You can see it working at http://jsfiddle/y2wJV/1/

Your definition requires that when choosing among matching children the function must return one that is less node hoops down/next/prev. This requirement has not been met, but this function is quite flexible and seems to do what you want to do in the case of the example you provided.
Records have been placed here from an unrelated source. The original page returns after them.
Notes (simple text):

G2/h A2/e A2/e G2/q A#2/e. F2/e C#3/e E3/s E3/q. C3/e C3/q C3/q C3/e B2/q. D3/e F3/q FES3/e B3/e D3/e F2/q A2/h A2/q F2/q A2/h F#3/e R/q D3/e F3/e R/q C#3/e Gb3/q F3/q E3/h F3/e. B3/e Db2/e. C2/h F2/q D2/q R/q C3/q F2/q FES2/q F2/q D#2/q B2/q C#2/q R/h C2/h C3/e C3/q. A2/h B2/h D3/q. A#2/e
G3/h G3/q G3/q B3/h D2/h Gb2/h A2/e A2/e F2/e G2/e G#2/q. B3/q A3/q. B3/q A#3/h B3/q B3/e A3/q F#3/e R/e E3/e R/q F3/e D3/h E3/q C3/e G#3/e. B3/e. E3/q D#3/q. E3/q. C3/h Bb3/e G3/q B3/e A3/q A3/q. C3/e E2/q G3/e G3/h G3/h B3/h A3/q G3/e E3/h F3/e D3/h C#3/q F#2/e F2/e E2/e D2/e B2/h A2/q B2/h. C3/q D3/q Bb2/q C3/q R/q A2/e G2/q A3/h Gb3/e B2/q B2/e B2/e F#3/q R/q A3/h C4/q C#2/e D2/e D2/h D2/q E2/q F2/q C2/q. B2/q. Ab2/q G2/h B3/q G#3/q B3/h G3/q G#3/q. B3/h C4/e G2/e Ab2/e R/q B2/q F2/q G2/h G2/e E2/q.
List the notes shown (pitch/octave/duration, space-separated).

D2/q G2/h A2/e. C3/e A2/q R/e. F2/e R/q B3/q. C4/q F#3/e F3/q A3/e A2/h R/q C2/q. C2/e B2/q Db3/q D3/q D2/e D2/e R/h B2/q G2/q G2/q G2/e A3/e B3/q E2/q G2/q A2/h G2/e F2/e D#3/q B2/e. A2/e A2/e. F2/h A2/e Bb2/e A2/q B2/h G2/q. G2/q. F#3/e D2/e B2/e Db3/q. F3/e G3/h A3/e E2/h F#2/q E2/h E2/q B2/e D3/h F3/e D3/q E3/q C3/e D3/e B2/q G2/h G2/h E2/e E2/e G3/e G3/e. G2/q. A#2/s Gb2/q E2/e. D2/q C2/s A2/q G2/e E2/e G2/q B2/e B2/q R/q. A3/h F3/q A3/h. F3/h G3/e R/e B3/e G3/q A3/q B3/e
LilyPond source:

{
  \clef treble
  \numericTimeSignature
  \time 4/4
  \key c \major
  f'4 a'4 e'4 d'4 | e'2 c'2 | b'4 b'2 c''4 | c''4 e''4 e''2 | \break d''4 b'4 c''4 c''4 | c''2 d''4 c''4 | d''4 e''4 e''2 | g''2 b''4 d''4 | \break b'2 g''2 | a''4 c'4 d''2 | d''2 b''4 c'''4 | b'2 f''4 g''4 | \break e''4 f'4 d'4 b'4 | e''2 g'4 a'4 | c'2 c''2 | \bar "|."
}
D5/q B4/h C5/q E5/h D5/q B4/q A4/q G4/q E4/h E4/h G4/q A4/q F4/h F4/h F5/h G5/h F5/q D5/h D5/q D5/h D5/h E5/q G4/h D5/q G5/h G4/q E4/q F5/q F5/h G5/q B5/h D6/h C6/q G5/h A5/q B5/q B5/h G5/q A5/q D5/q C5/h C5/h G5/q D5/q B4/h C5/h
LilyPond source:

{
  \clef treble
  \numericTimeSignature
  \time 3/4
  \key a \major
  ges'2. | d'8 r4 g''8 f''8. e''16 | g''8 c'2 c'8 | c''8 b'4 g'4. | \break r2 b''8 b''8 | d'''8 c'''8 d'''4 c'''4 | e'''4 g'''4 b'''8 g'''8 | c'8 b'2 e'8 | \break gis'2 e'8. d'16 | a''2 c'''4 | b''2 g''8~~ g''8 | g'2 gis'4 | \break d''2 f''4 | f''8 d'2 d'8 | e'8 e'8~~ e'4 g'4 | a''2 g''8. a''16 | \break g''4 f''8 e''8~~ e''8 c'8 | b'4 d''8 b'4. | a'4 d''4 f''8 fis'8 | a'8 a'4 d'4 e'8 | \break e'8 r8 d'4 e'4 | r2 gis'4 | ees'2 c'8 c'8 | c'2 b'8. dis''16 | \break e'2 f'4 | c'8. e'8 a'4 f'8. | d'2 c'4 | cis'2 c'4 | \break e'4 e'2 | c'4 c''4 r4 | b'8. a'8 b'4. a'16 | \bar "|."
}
I found this code that is simple but does not solve the tie issue (returns the first)...

(function ($) {
  $.fn.findClosest = function (filter) {
    var $found = $(),
            $currentSet = this; // Current place

    while ($currentSet.length) {
        $found = $currentSet.find(filter);
        if ($found.length) break; // At least one match: break loop
        // Get all children of the current set
        $currentSet = $currentSet.parent();
    }
    return $found.first(); // Return first match of the collection
  };
})(jQuery);

I encountered a similar problem, i had a table i needed to find the next element which may be outside the current td, so i made a jquery function:

    $.fn.nextAllLevels = function(sel) {
    if ($(this).nextAll(sel).length != 0) {
        return $(this).nextAll(sel).eq(0);
    } else if ($(this).nextAll(':has(' +  sel + ')').length != 0) {
        return $(this).nextAll(':has(' +  sel + ')').find(sel).eq(0);
    } else {
        return $(this).parent().nextAllLevels(sel);
    }

So to use this you simply call

$('#current').nextAllLevels('.target');

To give you the element closest in the foward direction, regardsless of whether in is in the current parent or not.